OTTAWA — At the height of the 2003 SARS crisis, Canada’s patchwork public-health system was sputtering along.
Officials tracked infections with sticky notes and there was constant squabbling among jurisdictions.
A lack of coherent data reporting sparked a no-travel edict on Toronto, which left a $1.1-billion economic crater in that city.
Beyond a public-health crisis, it was an administrative disaster.
Fast-forward 17 years; Canadians have seen a nearly seamless collaboration in the way their cities, provinces and Ottawa are responding to the COVID-19 pandemic. It’s the direct result of a frank report that revolutionized public health.
"These are things that we take for granted, but it does take expertise for people to anticipate the problems, and not just react to them," said David Butler-Jones, who was Canada’s first chief public health officer.
Creating that role was among the recommendations of the federally commissioned report Learning from SARS, by prominent physician David Naylor.
Following those recommendations has given officials clarity on how to communicate with the public, sort out responsibilities and make ethical decisions.
Yet funding gaps and inconsistent data could prevent the country’s leaders from avoiding some of the mistakes flagged in the 2003 report. Butler-Jones witnessed some of those same issues during the H1N1 swine-flu outbreak in 2009.
"I think this will be, again, another reminder," said Butler-Jones.
The confusion during SARS
Like the current COVID-19 pandemic, SARS was a coronavirus linked to bats that surfaced in China.

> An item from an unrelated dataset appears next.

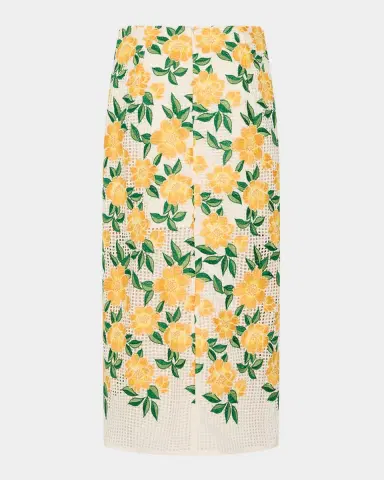 Milly Marta Floral-Embroidered Straight Midi Skirt | Thumbnail 3 Milly Marta Floral-Embroidered Straight Midi Skirt | Thumbnail 3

It emerged in November 2002 and took hold in Toronto three months later.
The airborne disease infected numerous medical staff, prompting Ontario to shut down a major hospital.
Sen. Tony Dean oversaw Ontario’s public service over the course of the outbreak. He said bureaucrats weren’t sure how responsibilities were delineated, while medical staff lacked protocols to prevent catching and spreading airborne infections. Officials gave the public mixed messages on how to stay safe, while 11 different organizations offered advice — often conflicting — to front-line doctors.

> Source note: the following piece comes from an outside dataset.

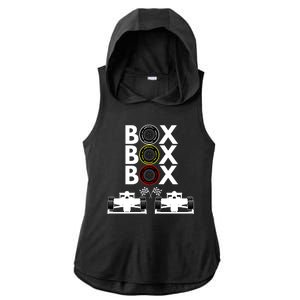 Formula Racing Car Box Box Box Formula Racing Radio Call To PitBox Car Race Ladies PosiCharge Tri-Blend Wicking Draft Hoodie Tank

"We were using coloured stickies on a whiteboard to try to track cases. We didn’t have good surveillance," Dean said.
Back in 1997, the Krever Inquiry into tainted blood donations had called for central data monitoring on infectious diseases.
Yet during SARS, hospitals initially didn’t share data with each other, and even units within the same building weren’t aware of how many cases they had.
Similarly, Toronto officials withheld data from the province, while Ottawa only stepped in months into the crisis.
"If you had a dispute it became rather public about who was in charge," Dean recalled.
"It was way less than an optimal experience."
The virus had little presence outside Toronto hospitals. But because Ottawa couldn’t provide United Nations officials with clear data on the location and intensity of the risk, the World Health Organization issued a travel advisory to avoid visiting Toronto.
The WHO repealed that notice a week later, though many countries kept similar warnings in place for months, devastating the local tourism sector.
The outbreak killed 44 people in and around Toronto, and placed 25,000 residents into quarantine. The Ontario government pegged the cost of the crisis at $1.1 billion. Health-care workers accounted for an estimated 40 per cent of the cases.
"I saw the system struggle to respond to SARS, and I saw heroes step forward from the health system and contain it," Dean said.
"If you hadn’t lived through SARS, you probably wouldn’t be aware of how massive a change there has been."
A fire-department model
Naylor’s 2003 report set out 77 recommendations after SARS, emphasizing co-operation.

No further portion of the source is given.